La mission Patrimoines a profité de ces tristes semaines pendant lesquelles la porte du musée demeurait fermée : dissimulés derrière les échafaudages, une équipe de restaurateurs a remis en valeur cette œuvre monumentale.

Les parements couverts de mousse ont été nettoyés par cataplasmes et à la vapeur d’eau, l’épais badigeon qui empâtait la sculpture a été retiré, les joints ont été révisés. Certains éléments sculptés, manquants mais parfaitement documentés, ont pu être restitués afin de rendre toute sa lisibilité à la composition. Enfin, la couverture métallique a été déposée et remplacée pour une protection en cuivre étamé assurant la pérennité de l’œuvre. 
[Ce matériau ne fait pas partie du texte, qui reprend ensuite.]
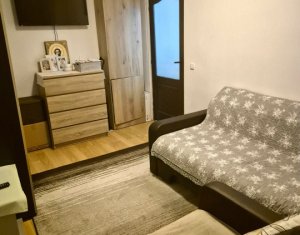 Apartament cu doua camere, balcon inchis, Floresti 
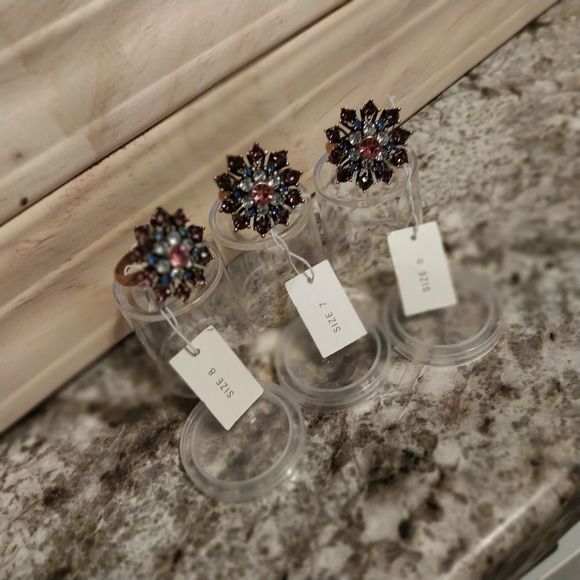 Princess Crystal Fashion Rings - Picture 11 of 12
Les travaux, confiés à l’atelier Bouvier (Les Angles dans le Gard) et à l’entreprise Bourgeois (Fourques dans le Gard), ont été réalisés selon des techniques traditionnelles, avec des produits adaptés au traitement de la pierre, en concertation étroite avec l’Architecte des bâtiments de France.

L’objet du scandale

À la fin du XIXe siècle, la place de la Comédie s’entoure d’immeubles de style haussmannien. La construction d’un passage couvert entre la place et la rue de la Loge est alors projetée. L’ornementation de l’arche monumentale d’entrée est confiée au sculpteur Antonin Injalbert. L’œuvre, dévoilée aux Montpelliérains fin août 1895, déclenche une vive controverse. L’impudeur des nymphes et satyres enlacés, qui encadrent un masque rieur, heurte certaines sensibilités. Les détracteurs d’Injalbert et ses admirateurs se disputent par journaux interposés. L’artiste lui-même répond à la polémique dans les colonnes du Petit méridional : « C’est absurde et je ne puis que plaindre ceux qui ne comprennent pas que l’art est essentiellement chaste et qui sont, au fond, assez dépravés pour me prêter leur dépravation. »
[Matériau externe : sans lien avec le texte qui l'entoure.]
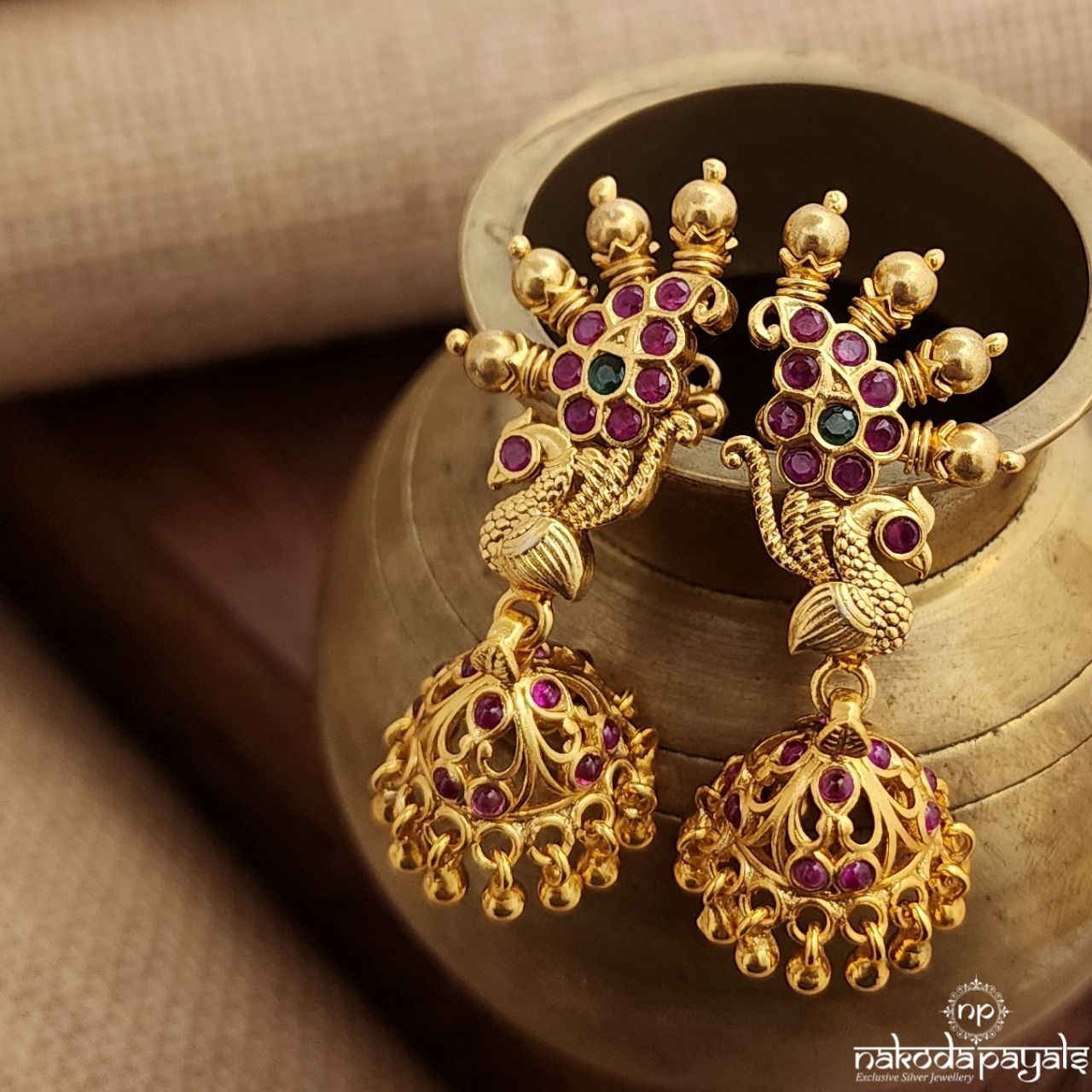 Amazingly Carved Peocock Jhumka (Ge9480)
Le bâtiment inachevé est détruit dès 1897 pour laisser place à l’immeuble surnommé « le Scaphandrier ». Injalbert fait alors don de son œuvre à la Ville, à la condition que celle-ci soit installée dans un jardin public. D’abord exposé dans une cour du musée, puis relégué dans un entrepôt, il faut attendre 1965 pour que le triptyque soit rendu à la vue de tous, à son emplacement actuel.

L’artiste

Fils d’un tailleur de pierre, Jean-Antoine dit Antonin Injalbert naît le 23 février 1845 à Béziers. Avec le soutien de sa ville natale, il entre à l’école des Beaux-Arts et obtient le prestigieux Prix de Rome en 1874. Rapidement reconnu pour son talent, le sculpteur se voit confier à Paris certaines sculptures des ponts Mirabeau et Bir-Hakeim, du fronton du Petit-Palais ou encore de la gare d’Orsay. Dans l’Hérault, il réalise, entre autres, le monument à Molière de Pézenas et la fontaine du Titan au Plateau des Poètes de Béziers. En 1889, pour le Centenaire de la Révolution, l’État lui commande un buste de Marianne, tiré en de très nombreux exemplaires et encore présent dans de nombreuses mairies. Enseignant à l’école des Beaux-Arts de 1891 à 1929, il est élu à l’Académie en 1905. Le 20 janvier 1933, âgé de presque 88 ans, Antonin Injalbert s’éteint à son domicile parisien du boulevard Arago.

Extrait du journal occitan La Campana de Magalouna du 1er septembre 1895 :

Moun Diéu ! moun Diéu ! dequé se passa

Tras la tèsta que cacalassa ?

A veire ce qu’es descoubert,

Se dirà : Pas sage, Injalbert !

Ce qui donne en français :

Mon Dieu ! mon Dieu ! Qu’est-ce qu’il se passe

Dans la tête qui s’esclaffe ?

En voyant ce qui est découvert,

On se dira : Pas sage, Injalbert !

A re-découvrir lors de votre prochaine visite au musée Fabre !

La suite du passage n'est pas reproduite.